Tuesday, September 25, 2012

Needy Me

I've been teaching a while, and I generally feel reasonably confident about the courses I teach.  But I'm also not shy about asking friends with more expertise for suggestions and help (especially, for example, I always ask real medievalists when I'm prepping Chaucer again because I know they know way more than I do).

I'm really struggling with the new composition class format.  It's really uncomfortable.  I'm beyond anxiety about it, and more into incipient terror.  And it's obvious around here.  For the first time in ages, I don't want to get out of bed in the morning because I dread this class.

More than once I've been told to ask for help from this or that person, and when I've done it, I've immediately gotten help, and good help.  But it's still hard to ask for help.

It's like I'm a college student again, and having trouble in a class, and shy about asking for help.  And it's damned uncomfortable.

I think there's a part of me that thinks my colleagues are judging me, and I'm coming up short, when I need to ask for help.

I think there's a part of me that is judging myself.

I'm waiting to go see a colleague to ask for more help as soon as her office is free of the student she is helping.


  1. Oh, it's so hard not to be the expert!
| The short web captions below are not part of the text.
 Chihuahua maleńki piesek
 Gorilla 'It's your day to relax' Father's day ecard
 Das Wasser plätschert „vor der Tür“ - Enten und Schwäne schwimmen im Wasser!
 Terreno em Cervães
As teachers, that becomes a default mode. And we know the things about which we are not experts, so having something you thought you knew how to do be something you need help on would be hard.

  2. I agree that it's hard to ask for help. The desire to be an expert in all things is hard to fight. With writing, though, I don't think that enough people take a collaberative view. In publishing, there are so, so many people who have an impact on the writing process and getting a book (article, whatever) to publication. Why should a writing class be any different?
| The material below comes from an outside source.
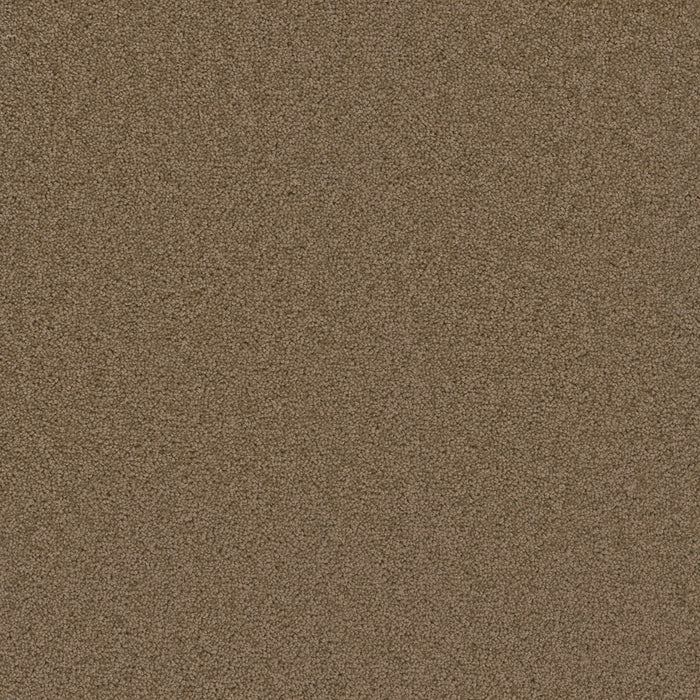 Broadcast Plus Polyester Honey Beige 510 Carpet Textured 1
    Still, asking for help can be tough. Good luck!

  3. Having gotten good help feels much better than asking for it, doesn't it? but every one of these sorts of conversations usually ends up being a two-way learning street. There's so much of what makes a class not feel like it's working that really isn't about you--the mix of students has an influence, too. Hope you have the conversations you're hoping for.

  4. Oh, that does sound rough. I'm glad you've got colleagues to talk with. I hope that she's helpful.

    If it's any comfort, I still use some things you taught me about reading Shakespeare, which of course is one of the things I teach that I'm not an expert in. Which is to say that we all help each other from time to time!